Les névrosés et les malades mentaux nous offrent d'autres exemples de répétition des traumatismes subis (et pas seulement sexuels). Nous devons faire une incursion dans un domaine voisin. Il est indiscutable que, dans un très grand nombre de cas, l'hystérie traumatique a la même signification que la sinistrose. La lutte pour l'obtention d'un dédommagement empêche la disparition des manifestations morbides. Lorsque l'amélioration constitue une menace de réduction, voire de suppression de la rente, les symptômes disparus ou atténués réapparaissent avec une force nouvelle. Ainsi nous appréhendons les mille manières dont dispose l'inconscient pour réaliser des désirs qui restent obscurs pour la conscience. Il n'est pas rare de voir des personnes ayant subi un accident en subir un second, souvent insignifiant, puis un autre qui vient à point pour appuyer leur revendication d'une rente. J'ai pu observer cela chez une catégorie de sujets particulièrement disposés à l'hystérie, les travailleurs polonais couverts par l'assurance-accidents allemande. De l'avis général, ces personnes défendent avec obstination leur droit à la rente et les symptômes traumatiques-hystériques sont d'un entêtement extrême. Le nombre de travailleurs polonais qui revendiquent le paiement d'une rente en raison de plusieurs accidents est surprenant.

La tendance à renforcer le premier accident par un second se manifeste même lorsque le sujet accidenté est alité à cause de symptômes hystériques et n'a pas l'occasion de faire un deuxième accident professionnel. Un ouvrier italien que j'eus à expertiser avait blessé au crâne par une pince métallique tombée d'un échafaudage. Je lui fis raconter ses rêves. Il me dit qu'en rêve, à plusieurs reprises, quelqu'un lui avait frappé la tête avec un bâton ou qu'un autre accident lui était arrivé. Son inconscient souhaitait manifestement maintenir le complexe traumatique symptomatique et exprimait ce désir en rêve. Dans sa théorie du rêve, Freud nous montre que la peur qui en résulte n'infirme pas cette conception. Je pense pouvoir ainsi accorder les cauchemars si fréquents d'accidentés et la théorie du désir de Freud. L'inconscient n'a de cesse qu'il n'ait fait valoir le complexe. Il veille à ce que la valeur affective du traumatisme enduré ne soit pas perdue et le rappelle à la mémoire par un cauchemar.

Grâce à l'analyse des rêves chez les sujets sains, névrosés ou malades mentaux, grâce aux symptômes de l'hystérie et de la démence précoce, nous disposons d'une série d'observations chez l'adulte comme chez l'enfant.
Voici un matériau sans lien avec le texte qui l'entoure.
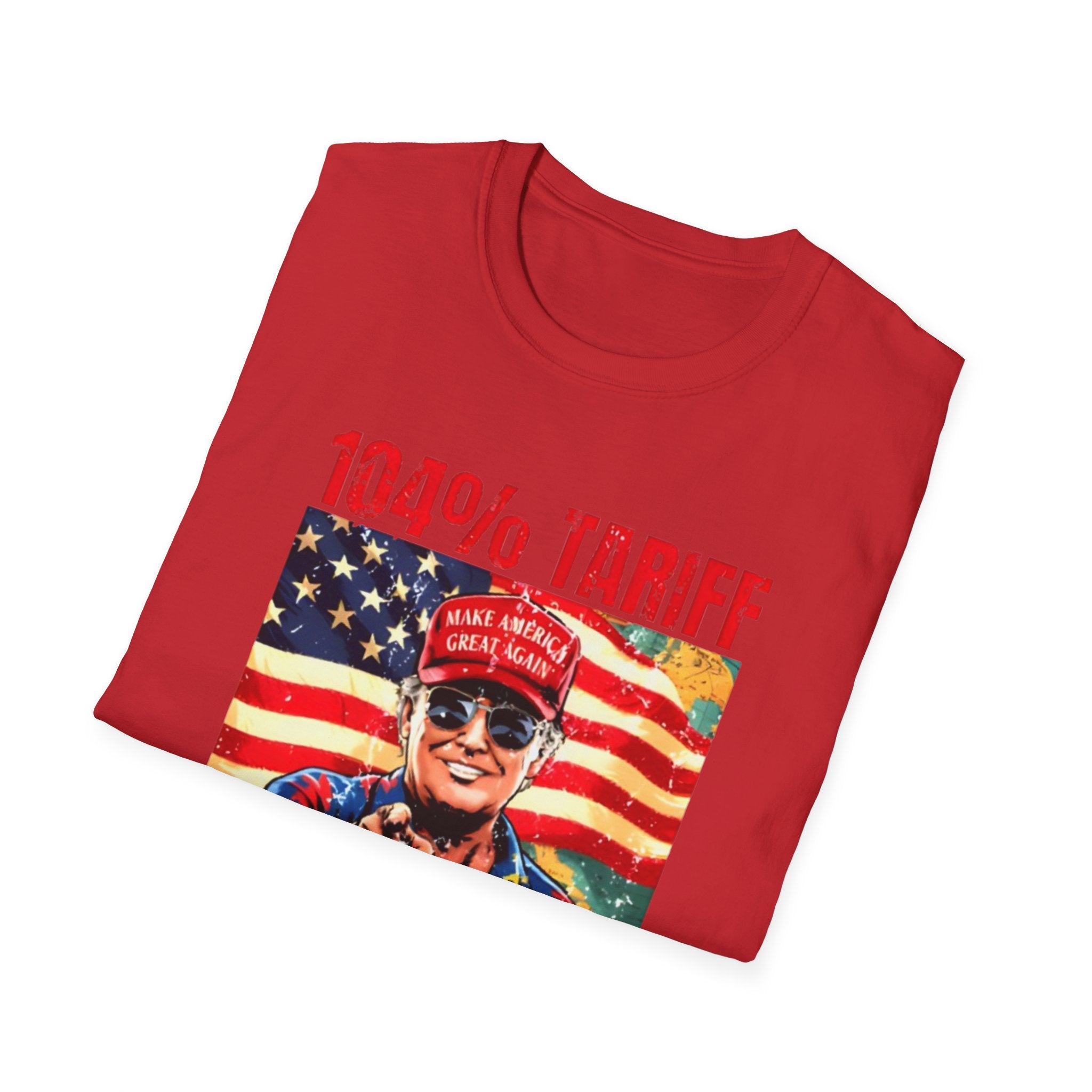 104% Tariff, 1000% Patriot | Unisex Softstyle
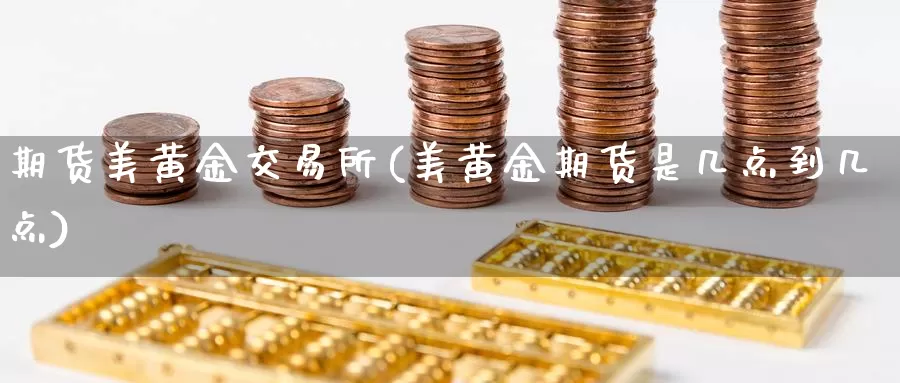 期货美黄金交易所(美黄金期货是几点到几点)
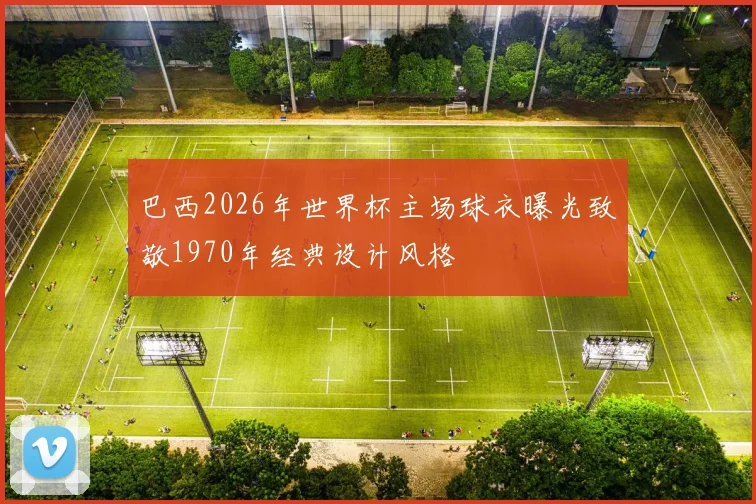 巴西2026年世界杯主场球衣曝光致敬1970年经典设计风格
Nous en concluons qu'il existe souvent une intention inconsciente du côté du partenaire apparemment passif au cours des traumatismes sexuels, spécialement des traumatismes infantiles, de même qu'au cours d'autres traumatismes.

C'est à une sexualité déjà anormale dans l'enfance que nous avons ramené la réceptivité anormale aux traumatismes sexuels qui caractérise la jeunesse des sujets candidats à une hystérie ou à une démence précoce. Ce comportement nous est apparu comme une forme anormale d'activité sexuelle infantile. La théorie freudienne initiale s'en trouve modifiée. Ce n'est pas le traumatisme sexuel infantile qui joue un rôle étiologique dans l'hystérie et la démence précoce. C'est bien plutôt la disposition à la névrose ou à la psychose ultérieure qui se manifeste dès l'enfance sous cette forme : la tendance à subir des traumatismes sexuels. La signification étiologique du traumatisme sexuel est remplacée par sa signification structurante. Nous concevons ainsi comment le traumatisme sexuel peut imprimer une direction au développement de la maladie et une physionomie individuelle à certains symptômes.

Nos investigations nous ont convaincu à nouveau de la ressemblance marquée entre la symptomatologie de l'hystérie et de la démence précoce. La question de leurs différences évidentes reste ouverte. Elles doivent, en grande partie, être du domaine psychosexuel : elles feront l'objet d'un travail ultérieur.

Post-scriptum 1920

L'écrit ci-dessus, datant de 1907, contient bien des erreurs sur les conceptions de Freud. L'auteur commençait alors à s'initier au mode de pensée de la psychanalyse. Cette remarque générale lui paraît plus juste qu'une correction rétrospective, d'autant plus que les résultats de l'investigation ne sont pas influencés par ces erreurs.